KIT digital, a major global implementer of online video systems for broadcasters and platform providers, is planning a radical restructure under bankruptcy proceedings, to re-emerge as a new group called Piksel. It follows a turbulent time for the company, which grew rapidly through acquisition but then tumbled in value.
KIT digital Inc claims 2,500 clients in over 50 countries, among them major media brands like BSkyB, Disney ABC, Telefonica and Verizon. The company, originally based in Prague, expanded rapidly in recent years through a number of acquisitions. These included ioko, a former informitv client, which it bought for nearly $80 million, including $63 million in cash, in April 2011. This followed the acquisition of Polymedia for $34 million, and a clutch of other companies, including KickApps, for around $77 million. At the time, Kit digital shares were trading at over $12, rising to a high of $16.

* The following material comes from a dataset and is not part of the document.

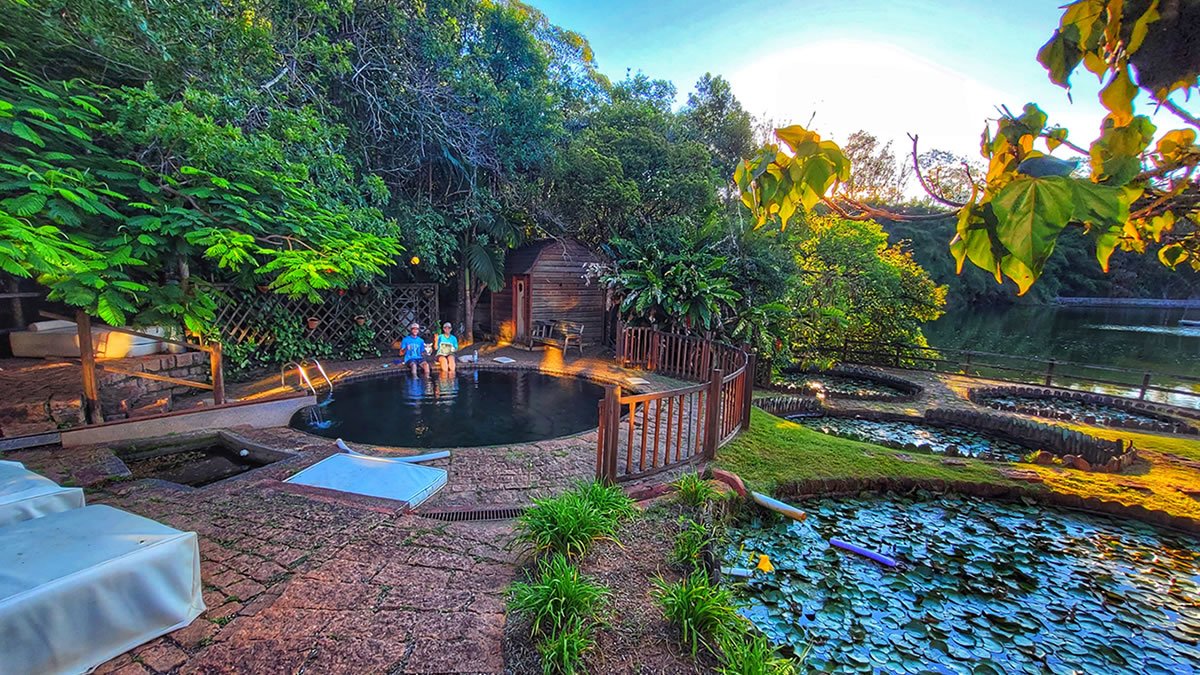 Área externa do Hotel Passarim em Capão Bonito, São Paulo, com piscina natural cercada pela Mata Atlântica, jardins exuberantes e lago, cenário ideal para observação de aves e contato com a natureza.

The chief executive, Kaleil Isaza Tuzman, resigned in April 2012, citing disagreements with the board. The share price progressively declined as investors lost confidence in the company. Its value further plummeted after an announcement on 21 November 2012 that it would have to restate its finances for the previous three years because of “errors and irregularities” relating to software licensing agreements.
The former chief executive responded by issuing a statement making various allegations of lack of focus from the new management team.
Trading in shares was then suspected and class action suits were filed against the company on behalf of investors.
Some subsidiaries were subsequently sold while others were placed in administration and over a fifth of the staff globally lost their jobs.
KIT digital was delisted from the NASDAQ stock market on 21 December 2012, at which point its shares were virtually worthless.
The company now expects to file for chapter 11 bankruptcy protection. Three of the five largest shareholders, all venture capital funds, will buy the core assets, including profitable operating subsidiaries ioko 365, Polymedia, Kewego, Multicast and Megahertz, and invest in a new company that will be called Piksel. It says it expects to be in a position to pay all existing creditors.
“We are pleased to announce this comprehensive solution that will provide KIT with relief from the financial, legal, and regulatory issues currently encumbering it,” said William Russell, the non-executive chairman of the board.
“The plan provides certainty and comfort to our customers and employees and it will allow the reorganized company to aggressively pursue growth opportunities with confidence,” said Peter Heiland, the interim chief executive. “By moving the core businesses forward together unburdened by the issues currently plaguing the corporate parent, our customers and products can once again become the sole focus of this exciting business.”
The holding company originally known as ROO Group, was hardly helped by its new name, KIT, which implied a grab bag of parts rather than a complete product or service offering. The new name, Piksel, hardly inspires investor confidence in the circumstances.
There is hope that the restructuring plan will enable a turnaround for the remaining core companies that were expensively acquired. There is significant scope to grow the remaining businesses, either collectively or separately, providing they can move forward and shed the damaging associations.